После восстановления функции дыхательного центра продолговатого мозга происходит постепенное восстановление и других бульбарных центров и центров ствола мозга - появляются реакция зрачков на свет и роговичный рефлекс, восстанавливается мышечный тонус. По мере восстановления функции подкорковых образований появляется реакция на боль, прекращаются судороги, нормализуется деятельность сердечнососудистой системы, обмен веществ. Первые проблески сознания свидетельствуют о начавшемся восстановлении функций коры головного мозга, дальнейшая полноценная деятельность которой зависит от того, насколько удалось уберечь корковые клетки от губительного влияния гипоксии. Предсказать прогноз восстановления корковых функций и, следовательно, определить прогноз оживления можно с высокой степенью достоверности по быстроте восстановления биоэлектрической активности головного мозга после оживления и скорости нормализации ритмов на электроэнцефалограмме.

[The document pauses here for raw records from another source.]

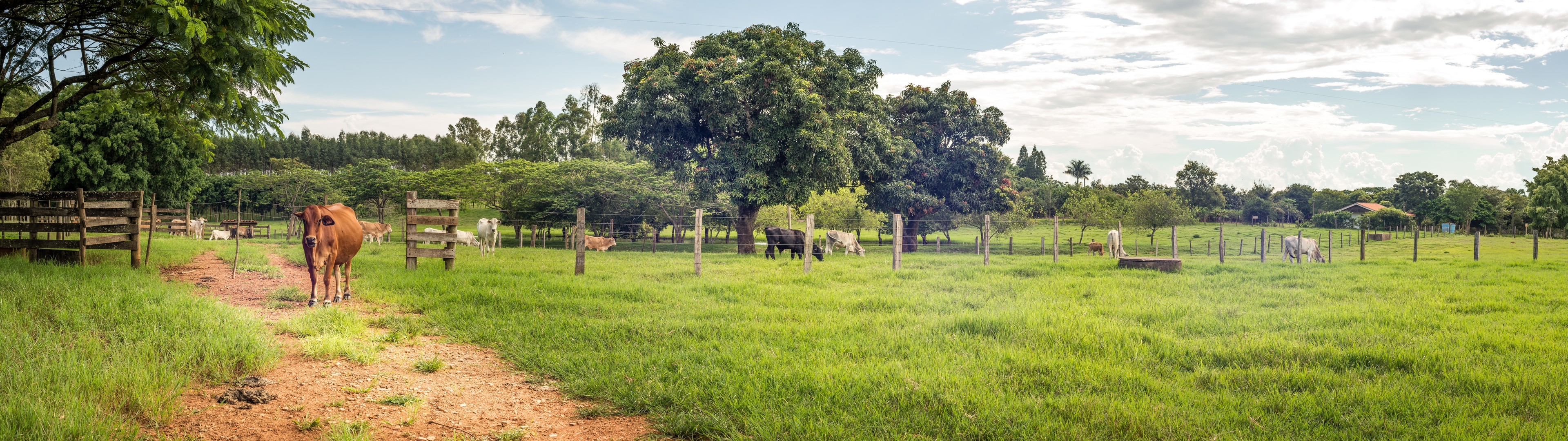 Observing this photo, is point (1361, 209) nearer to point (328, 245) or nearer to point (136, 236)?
point (328, 245)

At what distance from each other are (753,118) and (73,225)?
49.4ft

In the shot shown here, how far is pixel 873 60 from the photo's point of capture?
78.2ft

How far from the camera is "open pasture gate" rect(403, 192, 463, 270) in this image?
40.1ft

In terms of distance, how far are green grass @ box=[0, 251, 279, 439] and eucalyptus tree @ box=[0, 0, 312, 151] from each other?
3.02 m

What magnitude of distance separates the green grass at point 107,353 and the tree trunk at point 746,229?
14276 millimetres

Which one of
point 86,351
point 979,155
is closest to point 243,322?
point 86,351

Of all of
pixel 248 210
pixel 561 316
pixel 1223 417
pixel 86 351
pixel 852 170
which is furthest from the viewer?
pixel 248 210

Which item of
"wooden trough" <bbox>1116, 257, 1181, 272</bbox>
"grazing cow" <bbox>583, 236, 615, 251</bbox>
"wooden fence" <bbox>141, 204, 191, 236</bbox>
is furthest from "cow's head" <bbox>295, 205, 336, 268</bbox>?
"wooden fence" <bbox>141, 204, 191, 236</bbox>

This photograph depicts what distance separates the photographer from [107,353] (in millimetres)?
5262

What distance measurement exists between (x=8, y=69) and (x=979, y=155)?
88.7ft

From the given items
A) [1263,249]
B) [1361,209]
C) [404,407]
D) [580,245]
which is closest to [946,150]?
[1263,249]

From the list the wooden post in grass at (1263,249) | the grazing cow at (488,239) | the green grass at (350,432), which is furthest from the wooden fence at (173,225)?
the wooden post in grass at (1263,249)

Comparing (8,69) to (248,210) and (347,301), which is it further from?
(248,210)

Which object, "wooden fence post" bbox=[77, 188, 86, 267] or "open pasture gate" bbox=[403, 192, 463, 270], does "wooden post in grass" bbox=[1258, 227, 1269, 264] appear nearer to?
"open pasture gate" bbox=[403, 192, 463, 270]
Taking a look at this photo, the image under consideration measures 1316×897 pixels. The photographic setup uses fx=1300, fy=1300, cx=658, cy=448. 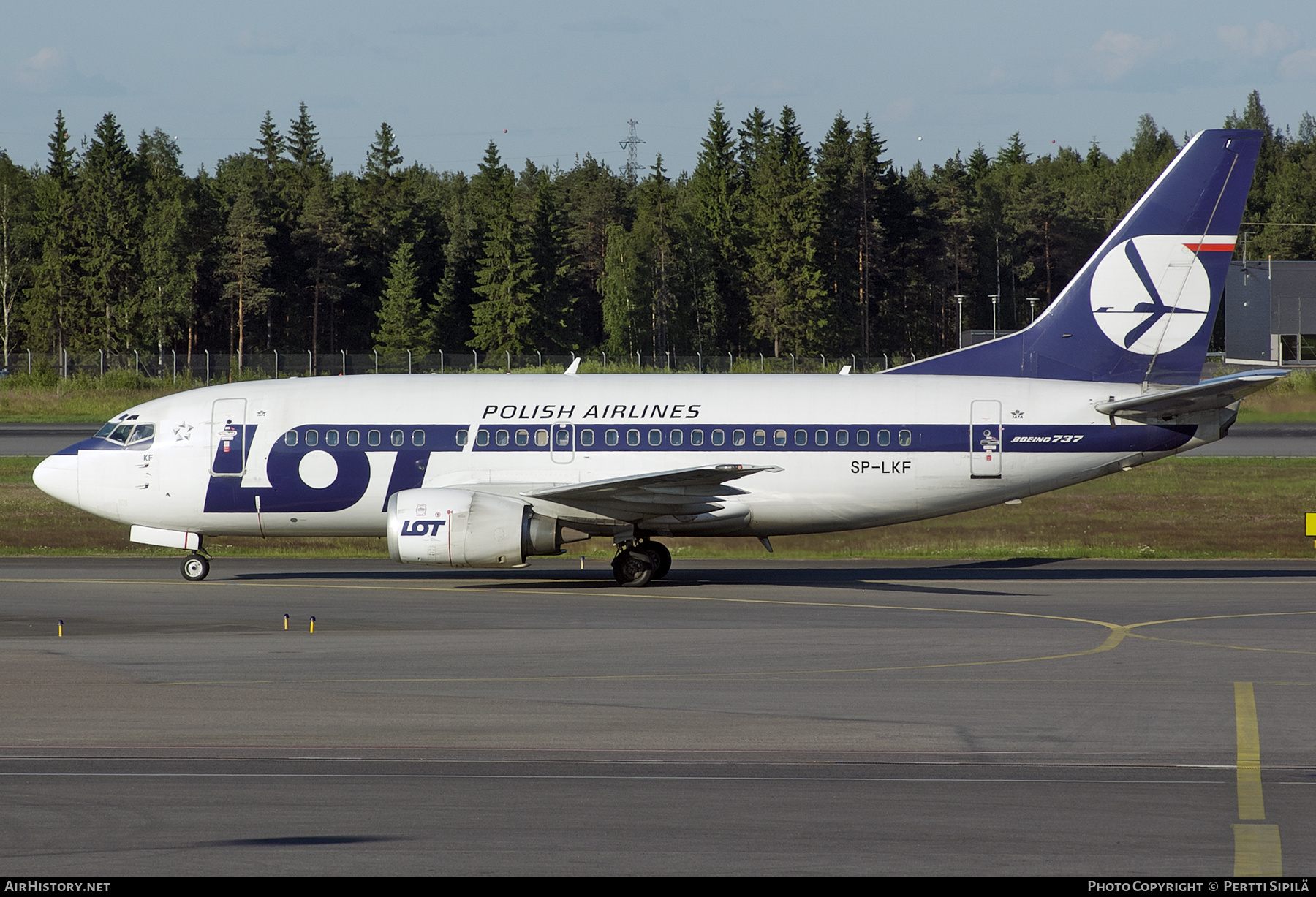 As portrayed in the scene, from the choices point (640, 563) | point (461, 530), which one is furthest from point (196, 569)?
point (640, 563)

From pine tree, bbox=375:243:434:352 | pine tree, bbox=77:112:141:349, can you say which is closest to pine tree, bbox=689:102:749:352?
pine tree, bbox=375:243:434:352

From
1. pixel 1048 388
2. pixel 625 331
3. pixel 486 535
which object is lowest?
pixel 486 535

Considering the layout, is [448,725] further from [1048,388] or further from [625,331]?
[625,331]

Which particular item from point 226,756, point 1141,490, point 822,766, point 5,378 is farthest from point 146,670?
point 5,378

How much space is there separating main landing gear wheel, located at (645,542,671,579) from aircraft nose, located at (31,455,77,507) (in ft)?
41.7

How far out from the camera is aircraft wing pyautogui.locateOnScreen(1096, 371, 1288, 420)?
25.7 metres

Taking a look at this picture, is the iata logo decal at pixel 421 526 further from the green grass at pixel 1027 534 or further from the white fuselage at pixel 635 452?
the green grass at pixel 1027 534

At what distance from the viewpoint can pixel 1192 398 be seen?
26578 millimetres

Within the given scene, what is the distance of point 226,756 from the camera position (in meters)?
13.6

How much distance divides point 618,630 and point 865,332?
11137 cm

С момента восстановления сердечной деятельности существенные изменения претерпевают и обменные процессы. Неэкономный анаэробный путь расщепления углеводов вновь переходит в окислительный. С возобновлением кровообращения накопившиеся в тканях за период клинической смерти недоокисленные продукты обмена начинают вымываться в кровяное русло, в
Глава 1 / ОБЩЕЕ УЧЕНИЕ О БОЛЕЗНИ
связи с чем в начале восстановительного периода углубляется ацидоз. Нормализация обменных процессов в организме происходит в разные сроки - от 9-12 ч до нескольких суток в зависимости от тяжести перенесенной гипоксии.

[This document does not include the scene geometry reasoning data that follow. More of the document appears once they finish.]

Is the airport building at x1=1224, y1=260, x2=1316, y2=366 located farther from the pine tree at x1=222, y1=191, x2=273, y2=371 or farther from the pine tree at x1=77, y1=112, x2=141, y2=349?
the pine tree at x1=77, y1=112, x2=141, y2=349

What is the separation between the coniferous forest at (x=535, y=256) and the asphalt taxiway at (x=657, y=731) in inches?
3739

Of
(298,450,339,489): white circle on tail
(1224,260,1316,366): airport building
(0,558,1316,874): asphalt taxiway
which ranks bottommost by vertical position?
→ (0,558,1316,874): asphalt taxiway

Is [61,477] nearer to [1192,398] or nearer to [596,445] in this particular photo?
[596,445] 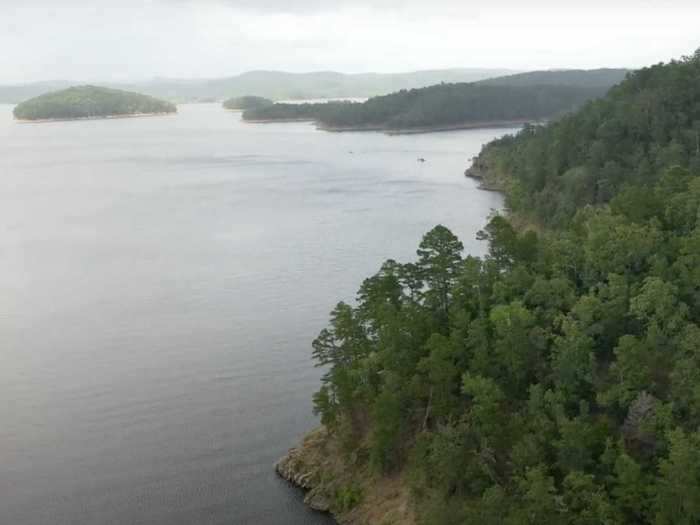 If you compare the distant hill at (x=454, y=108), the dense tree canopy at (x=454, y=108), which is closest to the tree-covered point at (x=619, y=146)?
the dense tree canopy at (x=454, y=108)

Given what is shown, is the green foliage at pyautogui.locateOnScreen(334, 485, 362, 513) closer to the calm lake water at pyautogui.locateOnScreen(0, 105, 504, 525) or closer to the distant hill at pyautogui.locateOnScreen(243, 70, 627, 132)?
the calm lake water at pyautogui.locateOnScreen(0, 105, 504, 525)

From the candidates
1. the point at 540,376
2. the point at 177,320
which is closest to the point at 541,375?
the point at 540,376

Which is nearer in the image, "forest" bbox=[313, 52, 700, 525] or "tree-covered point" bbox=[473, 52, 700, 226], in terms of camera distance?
"forest" bbox=[313, 52, 700, 525]

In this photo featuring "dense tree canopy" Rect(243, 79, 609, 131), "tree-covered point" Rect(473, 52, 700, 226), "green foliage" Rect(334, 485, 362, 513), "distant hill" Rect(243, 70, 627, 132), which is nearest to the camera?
"green foliage" Rect(334, 485, 362, 513)

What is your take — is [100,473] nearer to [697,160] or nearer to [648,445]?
[648,445]

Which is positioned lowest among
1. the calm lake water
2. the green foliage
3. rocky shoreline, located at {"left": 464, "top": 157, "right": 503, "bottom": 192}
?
the green foliage

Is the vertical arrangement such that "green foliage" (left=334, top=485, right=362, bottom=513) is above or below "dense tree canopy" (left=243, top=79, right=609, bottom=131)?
below

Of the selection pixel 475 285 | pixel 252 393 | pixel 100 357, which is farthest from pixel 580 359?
pixel 100 357

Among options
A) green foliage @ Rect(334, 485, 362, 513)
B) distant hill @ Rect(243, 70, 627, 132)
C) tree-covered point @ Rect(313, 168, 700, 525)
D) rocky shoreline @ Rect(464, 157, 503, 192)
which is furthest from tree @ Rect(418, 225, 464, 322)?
distant hill @ Rect(243, 70, 627, 132)

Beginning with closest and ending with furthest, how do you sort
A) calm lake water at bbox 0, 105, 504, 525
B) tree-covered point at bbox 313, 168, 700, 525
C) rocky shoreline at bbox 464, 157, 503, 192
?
tree-covered point at bbox 313, 168, 700, 525 → calm lake water at bbox 0, 105, 504, 525 → rocky shoreline at bbox 464, 157, 503, 192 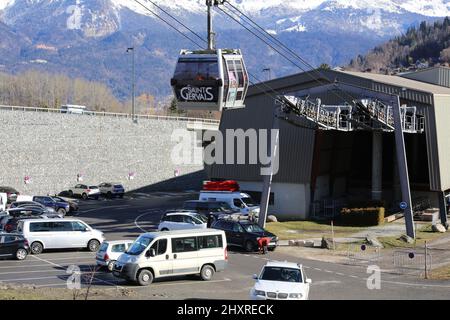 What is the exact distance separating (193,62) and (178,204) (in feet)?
126

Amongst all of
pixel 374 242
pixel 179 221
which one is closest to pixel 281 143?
pixel 374 242

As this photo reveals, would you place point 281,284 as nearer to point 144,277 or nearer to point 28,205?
point 144,277

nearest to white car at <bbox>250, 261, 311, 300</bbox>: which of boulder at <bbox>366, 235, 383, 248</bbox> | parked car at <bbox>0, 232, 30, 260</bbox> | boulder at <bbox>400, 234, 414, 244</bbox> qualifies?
parked car at <bbox>0, 232, 30, 260</bbox>

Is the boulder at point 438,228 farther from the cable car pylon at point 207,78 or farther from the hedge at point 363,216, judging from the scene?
the cable car pylon at point 207,78

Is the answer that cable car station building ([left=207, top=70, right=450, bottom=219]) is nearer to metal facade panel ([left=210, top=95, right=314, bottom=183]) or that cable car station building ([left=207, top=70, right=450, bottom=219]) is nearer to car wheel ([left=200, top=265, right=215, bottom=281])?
metal facade panel ([left=210, top=95, right=314, bottom=183])

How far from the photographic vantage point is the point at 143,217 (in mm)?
55188

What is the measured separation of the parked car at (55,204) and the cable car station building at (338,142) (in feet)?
44.3

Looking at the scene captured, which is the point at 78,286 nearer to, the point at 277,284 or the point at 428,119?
the point at 277,284

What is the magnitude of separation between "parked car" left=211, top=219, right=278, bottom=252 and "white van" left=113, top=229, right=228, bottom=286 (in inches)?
372

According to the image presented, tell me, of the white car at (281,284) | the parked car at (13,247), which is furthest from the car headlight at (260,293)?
the parked car at (13,247)

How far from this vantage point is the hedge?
176 ft

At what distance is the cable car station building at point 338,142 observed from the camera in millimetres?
51812

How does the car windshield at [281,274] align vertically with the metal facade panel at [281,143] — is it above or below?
below

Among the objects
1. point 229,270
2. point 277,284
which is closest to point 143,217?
point 229,270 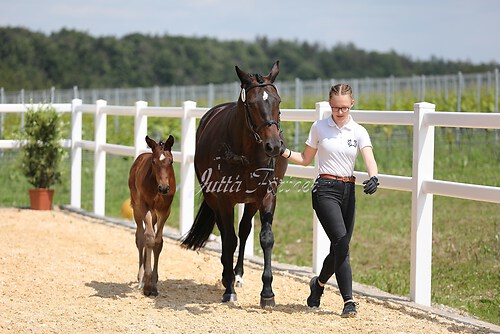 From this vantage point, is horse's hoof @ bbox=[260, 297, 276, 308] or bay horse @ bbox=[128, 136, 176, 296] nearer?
horse's hoof @ bbox=[260, 297, 276, 308]

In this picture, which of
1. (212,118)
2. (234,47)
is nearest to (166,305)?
(212,118)

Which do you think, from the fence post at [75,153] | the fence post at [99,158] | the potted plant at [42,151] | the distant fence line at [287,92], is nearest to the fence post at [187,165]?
the fence post at [99,158]

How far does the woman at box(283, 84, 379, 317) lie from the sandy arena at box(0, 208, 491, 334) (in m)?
0.38

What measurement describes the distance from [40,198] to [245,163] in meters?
6.73

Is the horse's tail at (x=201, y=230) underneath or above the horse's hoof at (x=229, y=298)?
above

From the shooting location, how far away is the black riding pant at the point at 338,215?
6.13 m

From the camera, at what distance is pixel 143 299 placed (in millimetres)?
7008

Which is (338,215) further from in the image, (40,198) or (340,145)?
(40,198)

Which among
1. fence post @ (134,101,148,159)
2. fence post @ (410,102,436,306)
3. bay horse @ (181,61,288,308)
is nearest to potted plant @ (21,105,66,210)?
fence post @ (134,101,148,159)

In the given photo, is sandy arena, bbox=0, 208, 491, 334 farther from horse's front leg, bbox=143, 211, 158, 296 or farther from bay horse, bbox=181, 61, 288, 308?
bay horse, bbox=181, 61, 288, 308

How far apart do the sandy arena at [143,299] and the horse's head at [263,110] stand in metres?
1.31

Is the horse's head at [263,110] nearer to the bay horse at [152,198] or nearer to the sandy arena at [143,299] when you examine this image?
the bay horse at [152,198]

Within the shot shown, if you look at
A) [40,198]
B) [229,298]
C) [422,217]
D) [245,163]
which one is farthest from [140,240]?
[40,198]

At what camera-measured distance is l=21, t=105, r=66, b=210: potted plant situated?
1266 cm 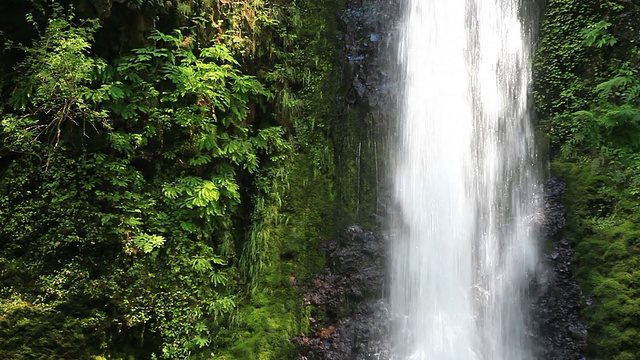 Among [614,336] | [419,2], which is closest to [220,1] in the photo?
[419,2]

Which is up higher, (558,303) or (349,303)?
(558,303)

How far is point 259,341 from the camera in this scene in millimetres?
5879

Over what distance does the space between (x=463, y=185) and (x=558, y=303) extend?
7.58ft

Поскольку возможность самостоятельного выхода из терминального состояния эволюцией «не предусмотрена», организм в раннем постреанимационном периоде находится в условиях нарушенных систем гомеостаза и крайне несовершенной адаптационной системы. Все это создает предпосылки для развития вторичной гипоксии, которая может задержать процесс восстановления и даже полностью его нарушить, т.е. привести к отсроченной гибели. Другими словами, необратимые процессы в организме могут формироваться не только во время умирания и клинической смерти, но и после оживления.

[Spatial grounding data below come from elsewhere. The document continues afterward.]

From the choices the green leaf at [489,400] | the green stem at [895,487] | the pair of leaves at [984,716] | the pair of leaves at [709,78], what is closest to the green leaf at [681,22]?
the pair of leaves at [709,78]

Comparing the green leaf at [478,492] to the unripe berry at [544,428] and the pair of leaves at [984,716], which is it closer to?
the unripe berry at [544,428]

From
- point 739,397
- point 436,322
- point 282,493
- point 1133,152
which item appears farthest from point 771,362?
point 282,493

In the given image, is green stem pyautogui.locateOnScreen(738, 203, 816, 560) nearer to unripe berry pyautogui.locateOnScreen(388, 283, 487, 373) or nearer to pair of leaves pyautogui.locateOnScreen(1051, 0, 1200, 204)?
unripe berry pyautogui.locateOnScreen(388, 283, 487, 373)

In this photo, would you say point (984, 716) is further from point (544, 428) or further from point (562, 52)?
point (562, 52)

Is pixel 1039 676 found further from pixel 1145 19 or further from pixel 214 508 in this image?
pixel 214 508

Итак, оживленный организм находится в особом патологическом состоянии, которое в настоящее время называют постреанимационной болезнью и рассматривают как самостоятельную нозологическую форму. Следует еще раз подчеркнуть, что в ее генезе принимают участие не только перечисленные выше патологические процессы, являющиеся следствием перенесенного терминального состояния (гипоксия, ацидоз, интоксикация токсическими продуктами нарушенного обмена), но и патологические процессы, возникающие уже в постреанимационном периоде (отек головного мозга и легких, нарушения и извращения функций ЦНС, печени, почек, эндокринной системы, свертывающей системы крови и др.). Особенно длительное время страдает и не восстанавливается полностью ЦНС. При этом в клетках тканей мозга можно обнаружить нарушение мембранной проницаемости, молекулярной структуры и физико-химических свойств белка. Лечение постреанимационной болезни должно проводиться в соответствии с ее стадийностью с помощью комплекса специальных терапевтических мероприятий. Профилактика, а также активное и своевременное лечение этой болезни позволяют сохранить жизнь многим больным, даже перенесшим клиническую смерть.
Таким образом, реаниматология, вскрывая неизвестные ранее закономерности жизни в ее терминальном периоде, периоде перехода от жизни к смерти и от смерти к жизни, сделала оживление десятков тысяч людей реальностью сегодняшнего дня.